Problem to work on: Search the listing below for the line containing "609 W Lackawanna". From there through the line containing "Volvo V70 2014 Punainen", transcribe every line exactly, both ends included.

---------- Exercise inputs

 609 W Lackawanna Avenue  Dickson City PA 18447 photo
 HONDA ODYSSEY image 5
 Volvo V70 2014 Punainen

--------------------
---------- Exercise inputs

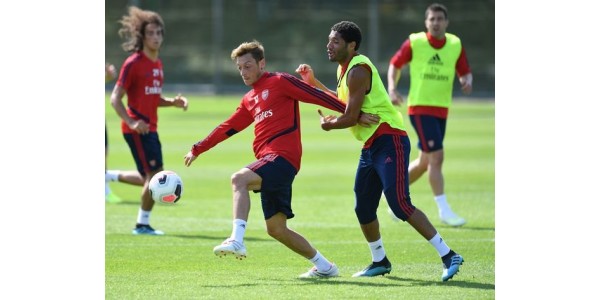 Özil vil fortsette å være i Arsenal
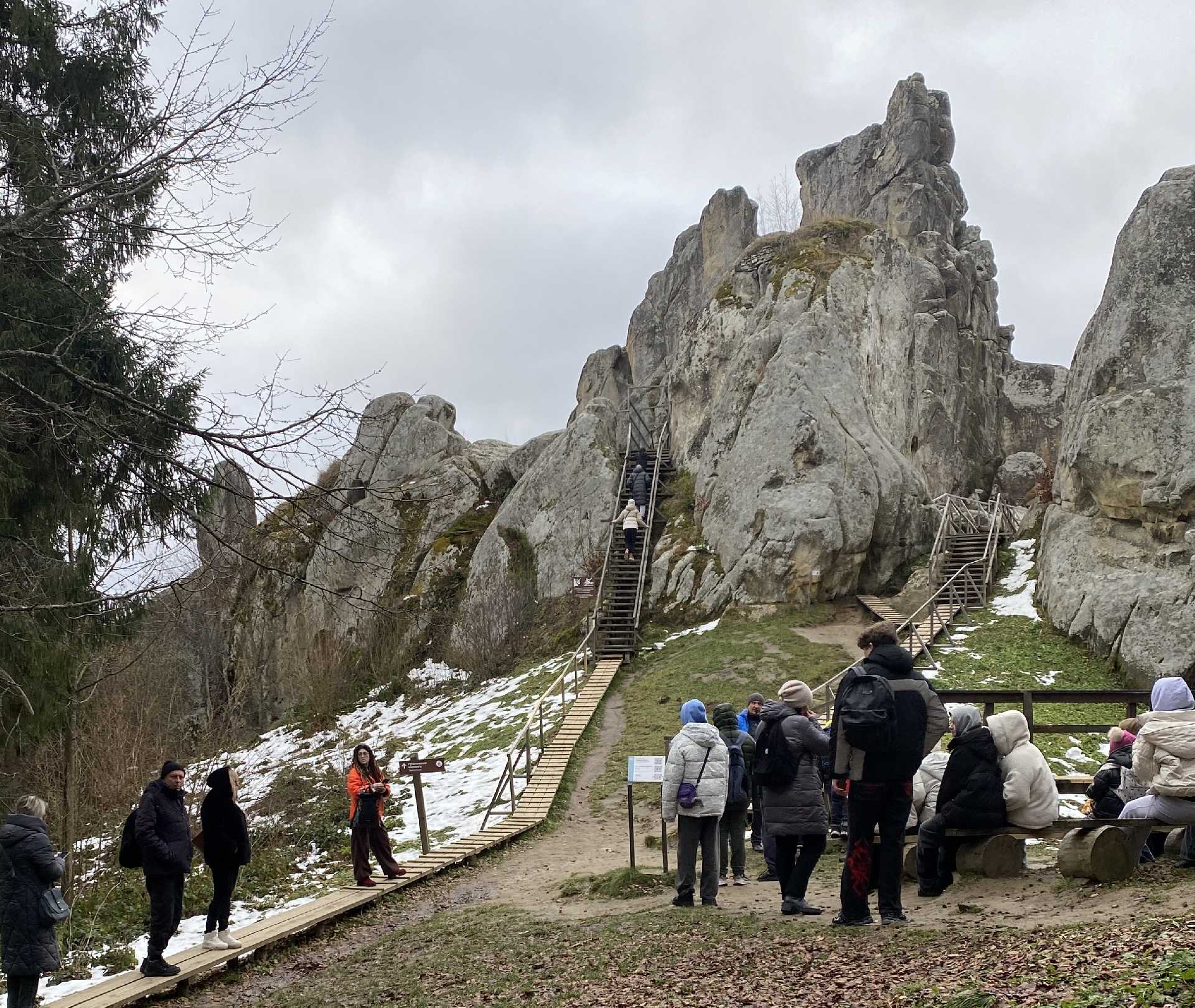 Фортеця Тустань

--------------------
---------- Exercise inputs

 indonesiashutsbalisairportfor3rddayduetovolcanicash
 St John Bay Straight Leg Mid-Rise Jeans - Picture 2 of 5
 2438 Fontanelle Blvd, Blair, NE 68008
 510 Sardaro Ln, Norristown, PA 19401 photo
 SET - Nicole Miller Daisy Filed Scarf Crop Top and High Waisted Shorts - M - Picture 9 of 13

--------------------

Result:
 609 W Lackawanna Avenue  Dickson City PA 18447 photo
 HONDA ODYSSEY image 5
 Volvo V70 2014 Punainen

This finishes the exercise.